Suppose that a basement-dwelling bathrobe-clad weblogger had written Klein's passage. It would have read somewhat differently. Perhaps:

I thought that Hillary Clinton and Barack Obama would vote for the Iraq supplemental bill. But the clowns voted against it! By voting against it they voted for an immediate, cowardly withdrawal from Iraq, sacrificing the lives of thousands of our dedicated Iraqi allies! You can't respect them.

But there are Democrats you can respect. I have here a statement Democratic representative Jane Harman's office issued yesterday, before the vote, explaining that she planned to vote against it:

I would love to have cast a vote against the administration on this. We need a new strategy and I hope we can force one in September. But we have to think of the troops first. I flew into Baghdad on a troop transport with 150 kids, heading into the field. To vote against this bill was to vote against giving them the equipment, the armor they need. I could not do that.

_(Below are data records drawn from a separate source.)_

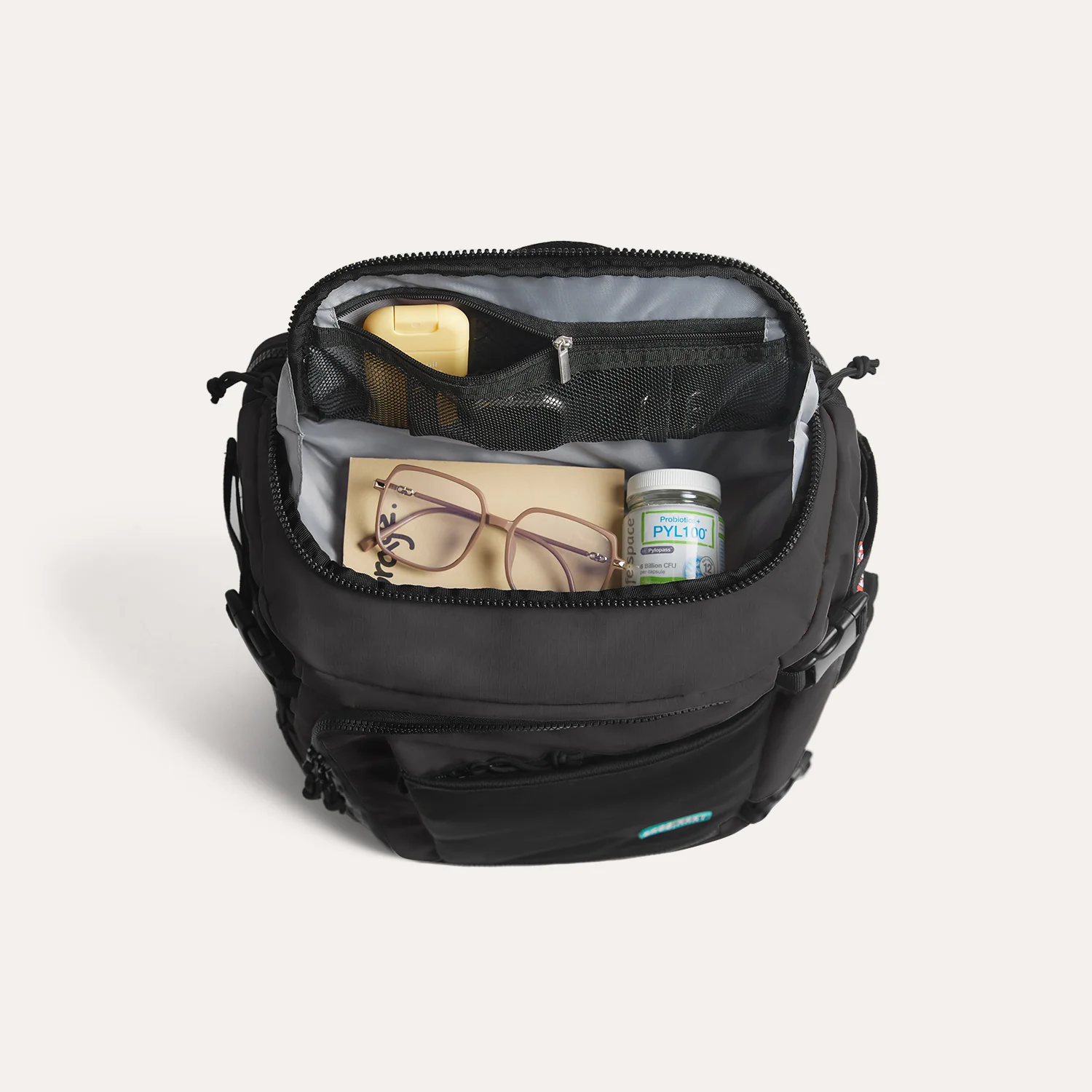 Blast Mesh Travel Backpack - Image 59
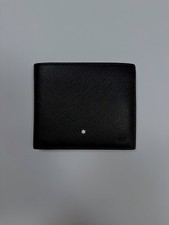 Portafoglio Montblanc Nero 6CC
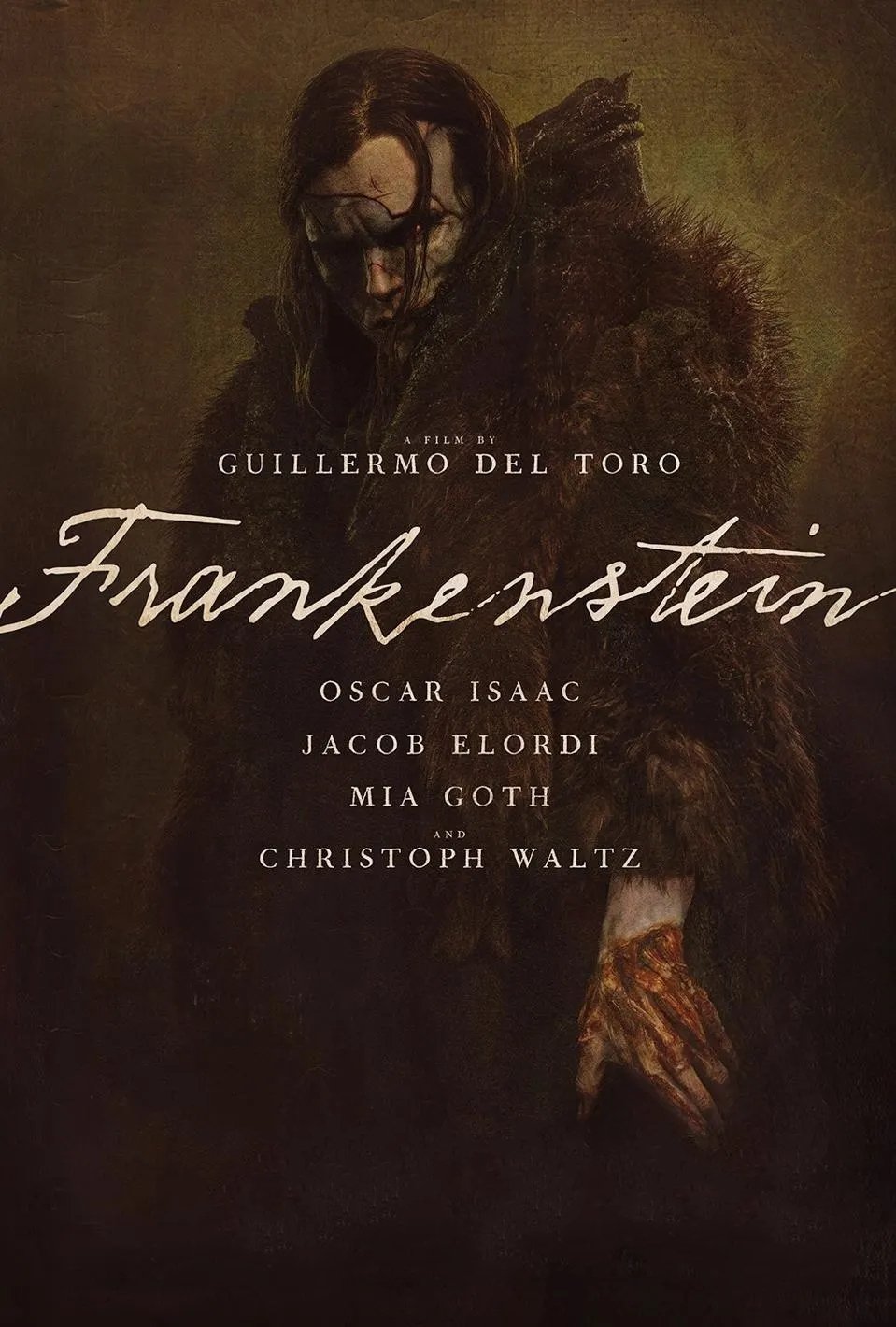 Frankenstein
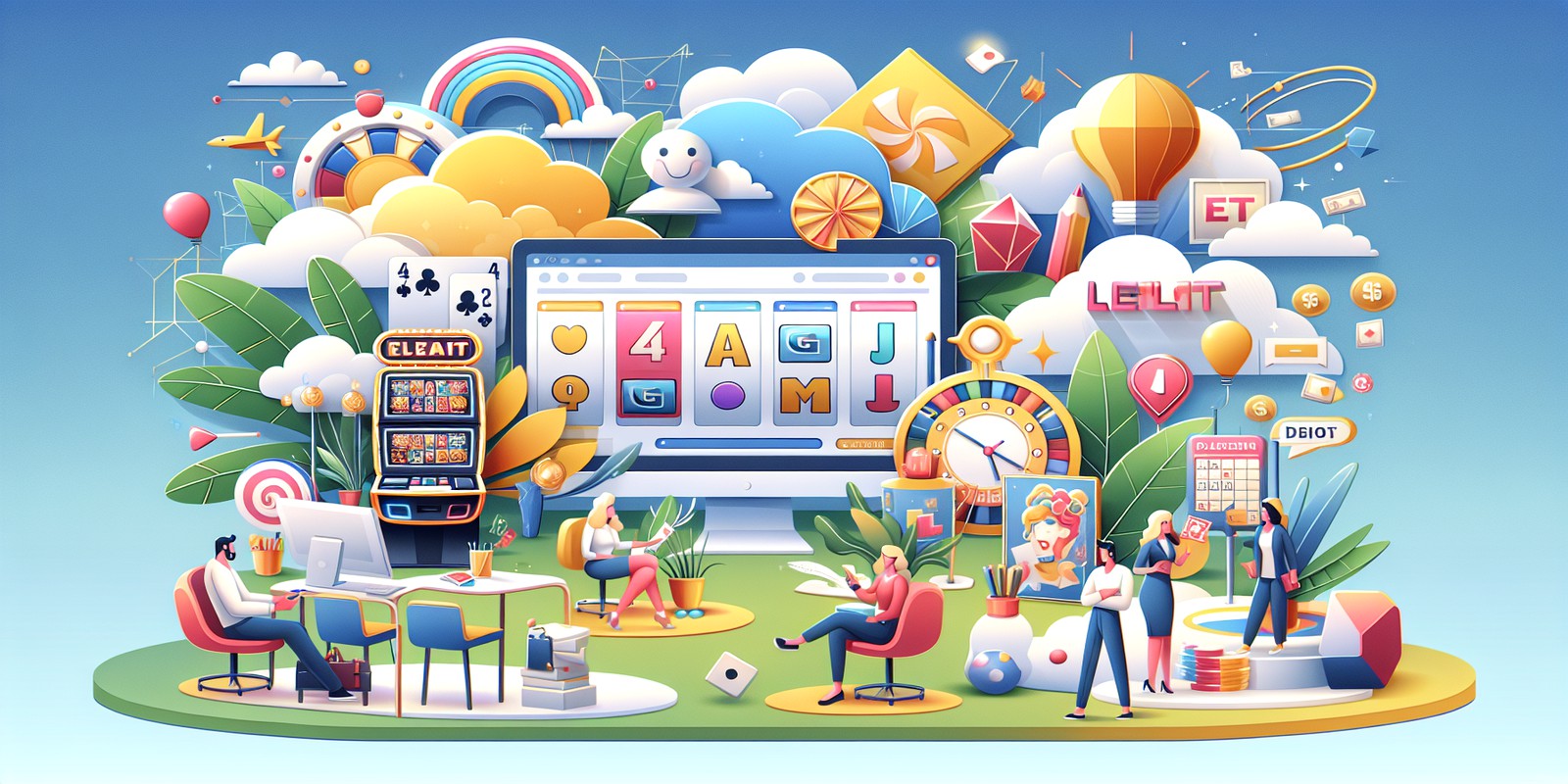 Unleashing the Riches: Top Slot Strategies to Win Big in 2025 - Slot Strategy Guide for Pakistani | 888slots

UPDATE: Ooops! Jane Harman voted against the supplemental on this. I guess she found that she could vote against the troops and against giving them their equipment after all.

This second version makes no pretenses at being a Washington insider with special knowledge and insight into the hearts and thoughts of powerful decisionmakers. It makes no pretense at being able to get Jane Harman on the phone in the immediate aftermath of an important vote. It makes no pretense that one's interactions with Harman are one-on-one person-to-person talks that reveal inner thoughts rather than guarded and scripted interactions that are part of a superb politician's presentation of her public image.

One of the important things going on here is that Klein's error let slip the secret that the insider status which is supposed to create the knowledge that Time pays Joe Klein to convey to the readers is worth much, much less than Klein (and Time) with it were. After all, Harman didn't tell Klein what she was thinking, did she? She didn't say "I'm under enormous pressure here, with powerful political and policy arguments cutting both ways," did she?